Monday, April 24, 2017

FDR's Wacky First 100 Days


Here’s a Don Boudreaux letter to NPR:
Regarding today’s report on the first 100 days of the terms of various U.S. presidents, I dare say that your happy description of Franklin Roosevelt’s is potted (“The ‘First 100 Days’ Presidential Benchmark Goes Back To FDR And Napoleon“).  Writing in 1939 in the Yale Review, John T. Flynn had a different and more realistic take on the start of FDR’s presidency:
“It was a hodgepodge of good intentions, of bold promises and glittering hopes – a desire to produce recovery, to create abundance while at the same time causing scarcity to get prices up; to help labor, to help the little business men and to help the big business men – all save a few who behaved badly to Mr. Roosevelt personally; to spend as much as possible and to tax as little as possible; to boost prices but not to diminish purchasing power; to raise wages and profits, too; to save the farmer, to save the railroads, to save anybody who could be saved with a subsidy; to make everybody happy and win everyone’s good opinion and, in the process of doing this, to adopt any idea which was presented by anybody with a friendly face and which seemed at a glance to have a chance to work.”*
Indeed.
It’s no wonder that the Great Depression lasted well beyond the end of the 1930s.  What is a wonder is that history has treated New Deal policies so uncritically and kindly.
Sincerely,
Donald J. Boudreaux
Professor of Economics
and
Martha and Nelson Getchell Chair for the Study of Free Market Capitalism at the Mercatus Center
George Mason University
Fairfax, VA  22030
* John T. Flynn, “Mr. Hopkins and Mr. Roosevelt,” The Yale Review, June 1939; reprinted in Forgotten Lessons: Selected Essays of John T. Flynn, Gregory Pavlik, ed. (Irvington, NY: Foundation for Economic Education, 1996), pp. 37-46.  The above quotation appears on page 42
The above originally appeared at Cafe Hayek.

2 comments:

  1. FDR to his credit did scrap prohibition soon after winning the 1932 election.

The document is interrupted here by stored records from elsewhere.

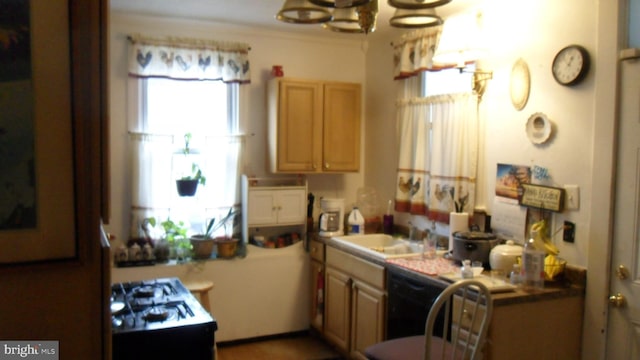 kitchen with sink, light brown cabinets, black range with gas stovetop, and a chandelier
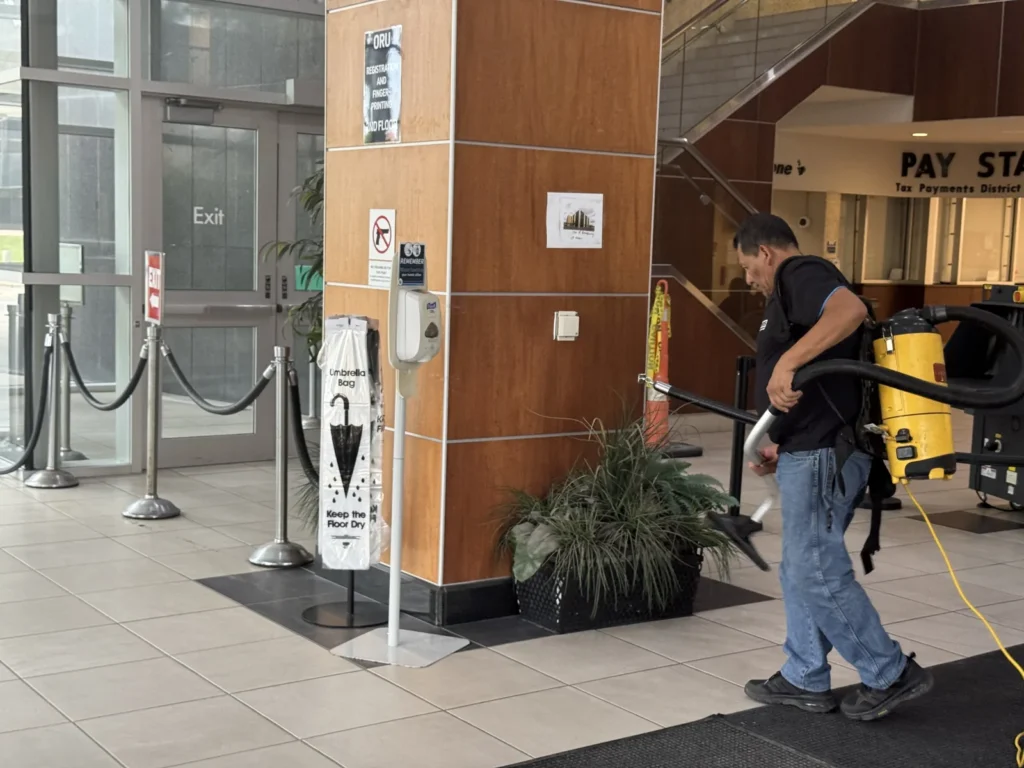 Cleaner using a backpack vacuum in a building lobby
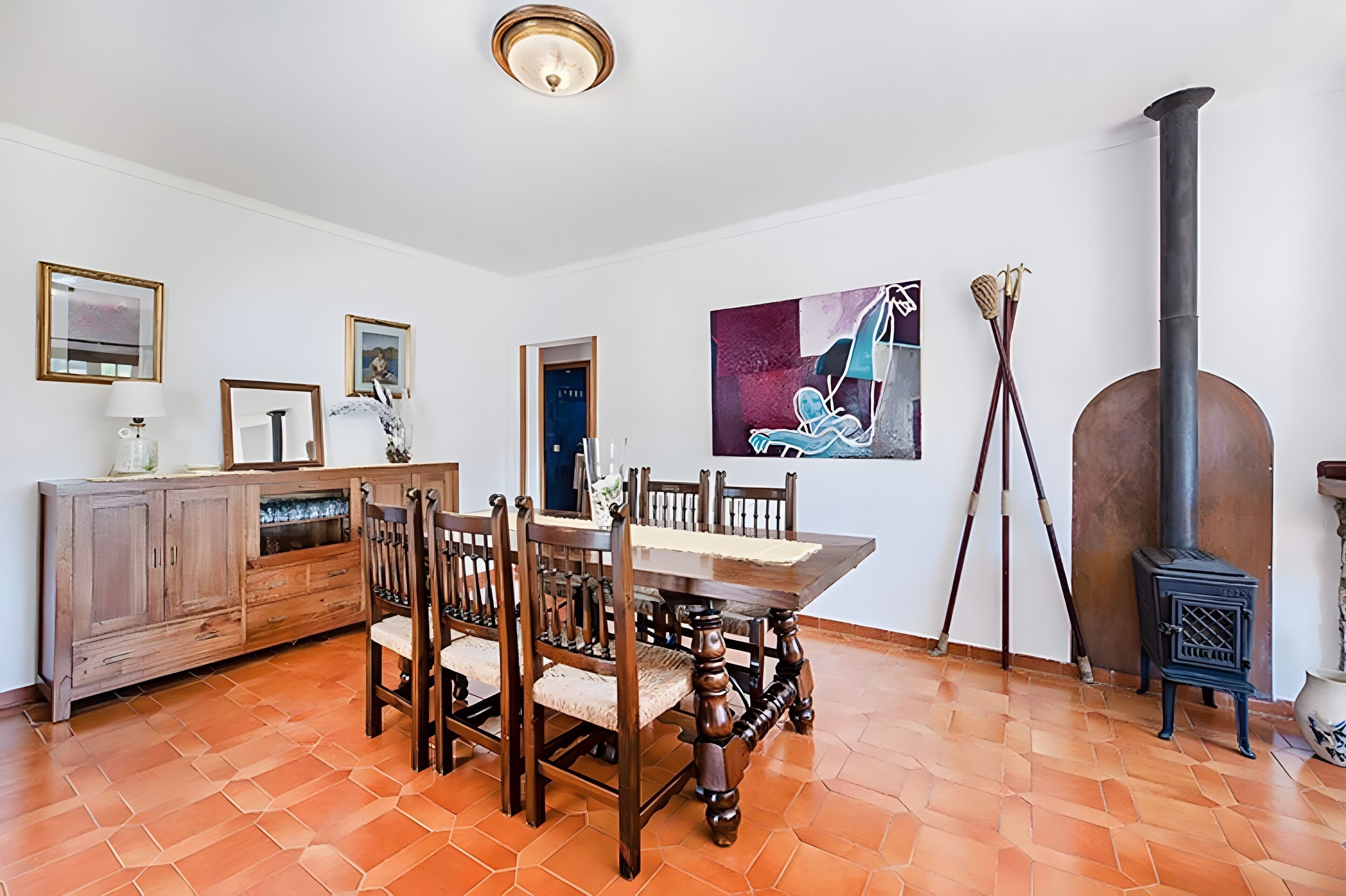 A dining area with a wooden table and chairs, a cabinet, a painting, and a wood-burning stove.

    But when you compare what he promised to what he actually delivered (see article below) he surely makes "Tumbling Trunp's" flip flops look flat.

    Of course pro-New Deal historians not only give flim flam Franklin a free pass -but they have largely written the great back flip out of popular history. It's almost enough to make you think most historians are on the government payroll.

    https://mercury.postlight.com/amp?url=https://fee.org/articles/32-fdr-was-elected-in-1932-on-a-progressive-platform-to-plan-the-economy/

    ReplyDelete
  2. Newt Gingrich's favorite president.